2 ZSTextPage_Release Release all resources allocated for a PDF text page handle.
3 ZSTextPage_NumChars Get a count of characters in a page. Generated characters, additional space and line breaks are also counted.
4 ZSTextSelection_GetChars Extract text from a selected area on a page.
5 ZSTextPage_ExportToFile Export text content in a page to a specific file handle.
6 ZSTextSearch_FindNext Search for text from the beginning of the document to the end.
7 ZSTextSearch_GetSelection Get a text selection handle from a text search when a match is found.
8 ZSTextLink_GetLink Get the URL hyperlink.
9 ZSTextLink_NumLinks Get a count of the text in URL format on a page.
10 ZSTextPage_SelectByRange Get a text selection handle by specific character range.
11 ZSTextPage_StartSearch Start a search for text in PDF document.

 


This is an example of how to do text search using APIs.

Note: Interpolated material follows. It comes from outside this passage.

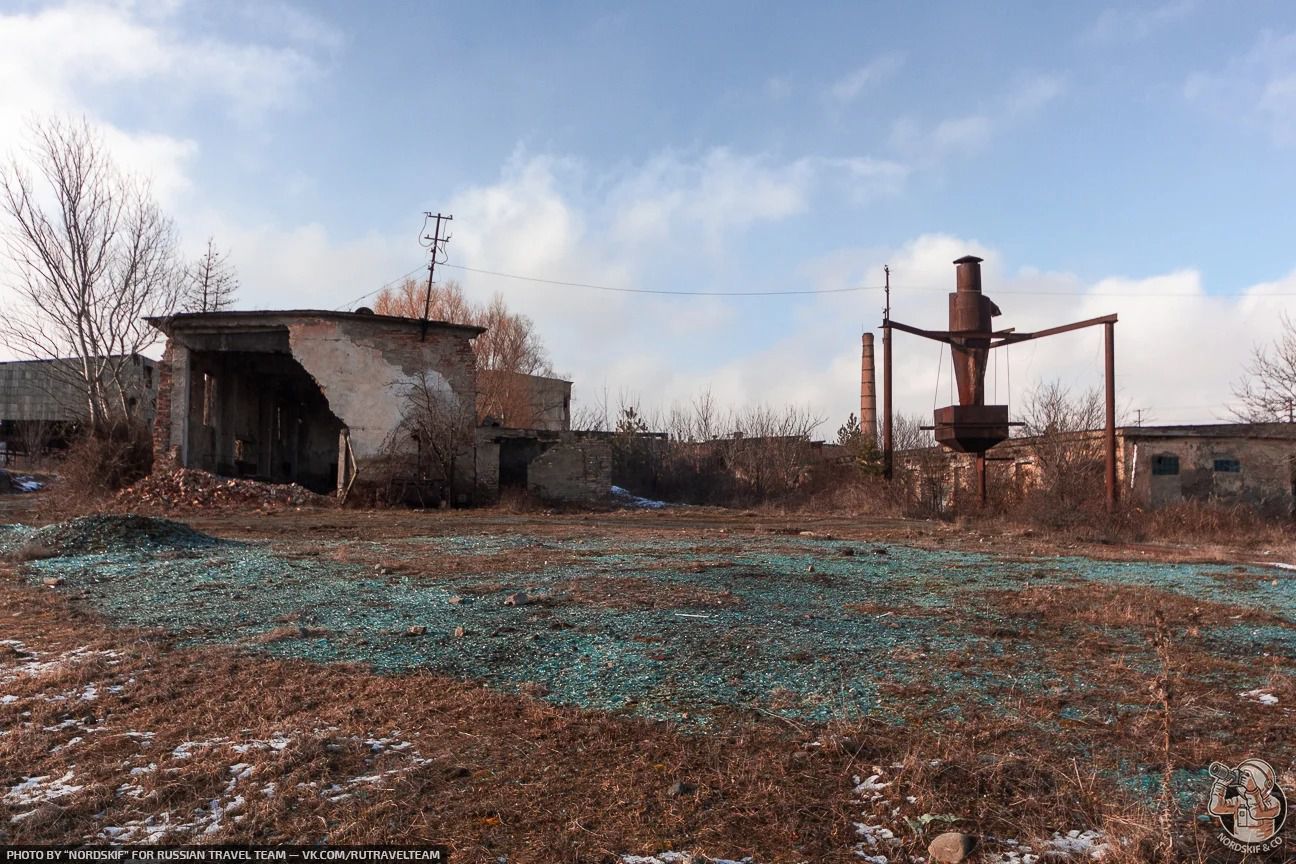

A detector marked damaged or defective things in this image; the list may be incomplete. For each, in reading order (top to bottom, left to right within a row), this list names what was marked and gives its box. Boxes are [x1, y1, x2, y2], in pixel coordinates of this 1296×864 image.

rusty industrial equipment [884, 256, 1120, 512]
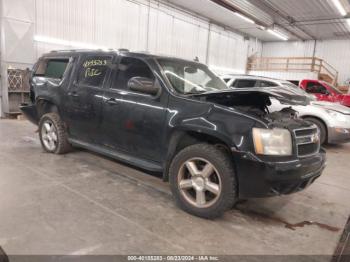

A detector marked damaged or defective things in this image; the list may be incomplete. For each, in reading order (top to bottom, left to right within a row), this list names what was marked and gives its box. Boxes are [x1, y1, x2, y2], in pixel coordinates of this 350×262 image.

Example: Search a text pattern in a page

ZSTextPage textPage = NULL;

ret = ZSTextPage_Load(page, &textPage);

if (ZS_OK == ret)

{

ZSTextSearch textSearch = NULL;

ret = ZSTextPage_StartSearch(textPage, &searchPattern, 0, 0, &textSearch);

if (ZS_OK == ret)

{

ZSBool isMatch = ZS_TRUE;

ZSTextSearch_FindNext(textSearch, &isMatch);

}

}